--- RECORDS FOR THE EXERCISE Enclosed Below ---

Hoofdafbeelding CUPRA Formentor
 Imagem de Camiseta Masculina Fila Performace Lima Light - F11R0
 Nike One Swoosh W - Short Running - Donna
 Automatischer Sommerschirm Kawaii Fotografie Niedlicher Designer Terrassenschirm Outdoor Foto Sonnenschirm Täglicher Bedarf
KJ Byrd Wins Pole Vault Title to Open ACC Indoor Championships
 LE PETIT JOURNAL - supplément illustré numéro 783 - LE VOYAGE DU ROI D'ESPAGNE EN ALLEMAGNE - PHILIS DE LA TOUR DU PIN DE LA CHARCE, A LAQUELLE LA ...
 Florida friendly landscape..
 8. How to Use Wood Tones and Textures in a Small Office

--- End of Enclosed RECORDS FOR THE EXERCISE ---

WHAT THE TASK REQUIRES: Please return the data above exactly as given.

EXPECTED ANSWER:
Hoofdafbeelding CUPRA Formentor
 Imagem de Camiseta Masculina Fila Performace Lima Light - F11R0
 Nike One Swoosh W - Short Running - Donna
 Automatischer Sommerschirm Kawaii Fotografie Niedlicher Designer Terrassenschirm Outdoor Foto Sonnenschirm Täglicher Bedarf
KJ Byrd Wins Pole Vault Title to Open ACC Indoor Championships
 LE PETIT JOURNAL - supplément illustré numéro 783 - LE VOYAGE DU ROI D'ESPAGNE EN ALLEMAGNE - PHILIS DE LA TOUR DU PIN DE LA CHARCE, A LAQUELLE LA ...
 Florida friendly landscape..
 8. How to Use Wood Tones and Textures in a Small Office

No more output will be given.